Filter these records by the string "Hotel", copying each line that holds it.
※
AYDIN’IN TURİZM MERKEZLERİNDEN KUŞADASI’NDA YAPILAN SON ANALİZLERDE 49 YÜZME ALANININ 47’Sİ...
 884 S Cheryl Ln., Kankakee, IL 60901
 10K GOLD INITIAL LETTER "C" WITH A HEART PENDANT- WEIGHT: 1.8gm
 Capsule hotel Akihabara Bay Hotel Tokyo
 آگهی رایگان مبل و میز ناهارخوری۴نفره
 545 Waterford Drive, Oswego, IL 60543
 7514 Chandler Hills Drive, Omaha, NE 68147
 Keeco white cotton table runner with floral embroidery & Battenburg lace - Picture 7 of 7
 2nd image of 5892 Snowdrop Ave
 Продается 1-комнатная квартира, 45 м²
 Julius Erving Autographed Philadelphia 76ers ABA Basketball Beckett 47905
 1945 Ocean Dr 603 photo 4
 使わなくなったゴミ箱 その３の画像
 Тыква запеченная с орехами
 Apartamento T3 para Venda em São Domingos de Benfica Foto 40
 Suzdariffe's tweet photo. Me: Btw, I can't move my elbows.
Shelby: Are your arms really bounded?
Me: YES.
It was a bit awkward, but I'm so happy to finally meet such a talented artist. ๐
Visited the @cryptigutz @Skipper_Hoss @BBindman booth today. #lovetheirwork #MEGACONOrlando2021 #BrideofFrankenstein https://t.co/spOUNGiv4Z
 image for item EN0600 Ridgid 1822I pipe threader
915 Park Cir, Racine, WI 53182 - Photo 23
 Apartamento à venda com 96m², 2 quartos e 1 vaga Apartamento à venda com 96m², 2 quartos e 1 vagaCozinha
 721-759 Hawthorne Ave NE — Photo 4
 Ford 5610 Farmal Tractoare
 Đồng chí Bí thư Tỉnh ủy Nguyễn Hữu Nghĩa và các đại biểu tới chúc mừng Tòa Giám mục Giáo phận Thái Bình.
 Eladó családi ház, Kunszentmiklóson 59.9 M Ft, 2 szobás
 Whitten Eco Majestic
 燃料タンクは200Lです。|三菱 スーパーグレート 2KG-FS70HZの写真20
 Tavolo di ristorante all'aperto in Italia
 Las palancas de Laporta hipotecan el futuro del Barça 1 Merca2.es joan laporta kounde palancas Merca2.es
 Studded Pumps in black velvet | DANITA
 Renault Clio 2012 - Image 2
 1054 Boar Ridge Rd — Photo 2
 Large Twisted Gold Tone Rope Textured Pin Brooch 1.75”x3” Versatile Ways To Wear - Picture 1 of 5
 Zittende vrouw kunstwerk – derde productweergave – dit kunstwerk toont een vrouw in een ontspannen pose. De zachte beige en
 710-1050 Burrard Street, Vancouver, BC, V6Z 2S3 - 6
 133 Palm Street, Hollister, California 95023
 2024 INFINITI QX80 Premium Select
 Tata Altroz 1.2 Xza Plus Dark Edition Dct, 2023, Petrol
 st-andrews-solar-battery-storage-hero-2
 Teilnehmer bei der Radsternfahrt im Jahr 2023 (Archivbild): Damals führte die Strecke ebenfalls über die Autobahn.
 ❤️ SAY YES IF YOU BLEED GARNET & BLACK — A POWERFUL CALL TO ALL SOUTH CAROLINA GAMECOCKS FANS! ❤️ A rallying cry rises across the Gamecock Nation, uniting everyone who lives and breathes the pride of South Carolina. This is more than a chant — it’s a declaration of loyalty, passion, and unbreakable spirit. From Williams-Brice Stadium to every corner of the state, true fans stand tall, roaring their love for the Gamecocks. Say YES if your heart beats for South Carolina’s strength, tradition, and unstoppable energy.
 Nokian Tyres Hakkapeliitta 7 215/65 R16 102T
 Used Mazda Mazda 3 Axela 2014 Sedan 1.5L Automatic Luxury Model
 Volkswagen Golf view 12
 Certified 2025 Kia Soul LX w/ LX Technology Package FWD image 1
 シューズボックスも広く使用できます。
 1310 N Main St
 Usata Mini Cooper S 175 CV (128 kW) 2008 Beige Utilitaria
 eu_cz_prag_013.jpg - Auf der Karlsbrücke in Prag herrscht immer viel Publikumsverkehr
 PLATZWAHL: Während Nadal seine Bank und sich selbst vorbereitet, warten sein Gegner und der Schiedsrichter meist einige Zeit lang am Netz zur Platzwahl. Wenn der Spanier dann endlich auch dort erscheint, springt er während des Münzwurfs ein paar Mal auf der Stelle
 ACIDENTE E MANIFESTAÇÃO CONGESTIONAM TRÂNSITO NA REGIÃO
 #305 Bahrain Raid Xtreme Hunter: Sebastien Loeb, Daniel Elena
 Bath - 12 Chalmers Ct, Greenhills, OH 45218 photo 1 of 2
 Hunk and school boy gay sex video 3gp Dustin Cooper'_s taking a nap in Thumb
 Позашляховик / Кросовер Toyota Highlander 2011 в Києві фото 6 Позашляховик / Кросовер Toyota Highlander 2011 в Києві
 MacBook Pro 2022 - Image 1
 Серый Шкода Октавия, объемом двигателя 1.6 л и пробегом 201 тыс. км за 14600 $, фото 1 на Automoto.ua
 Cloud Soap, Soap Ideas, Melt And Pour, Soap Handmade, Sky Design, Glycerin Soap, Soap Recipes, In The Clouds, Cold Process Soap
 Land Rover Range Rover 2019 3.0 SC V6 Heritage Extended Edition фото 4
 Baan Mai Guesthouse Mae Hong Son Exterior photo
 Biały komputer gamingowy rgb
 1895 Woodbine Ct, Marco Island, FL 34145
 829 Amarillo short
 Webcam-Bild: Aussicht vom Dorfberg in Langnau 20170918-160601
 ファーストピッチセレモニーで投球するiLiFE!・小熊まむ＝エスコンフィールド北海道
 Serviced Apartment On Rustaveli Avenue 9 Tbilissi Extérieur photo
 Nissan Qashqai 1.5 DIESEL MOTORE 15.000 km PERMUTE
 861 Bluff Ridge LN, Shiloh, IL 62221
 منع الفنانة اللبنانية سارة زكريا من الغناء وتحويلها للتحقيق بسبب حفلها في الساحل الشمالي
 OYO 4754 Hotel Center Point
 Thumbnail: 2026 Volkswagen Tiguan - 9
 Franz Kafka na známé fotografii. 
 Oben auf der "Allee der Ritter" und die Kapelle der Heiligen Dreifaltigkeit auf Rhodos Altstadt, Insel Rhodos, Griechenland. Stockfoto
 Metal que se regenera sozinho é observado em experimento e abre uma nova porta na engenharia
※
*Answer*:
 Capsule hotel Akihabara Bay Hotel Tokyo
 OYO 4754 Hotel Center Point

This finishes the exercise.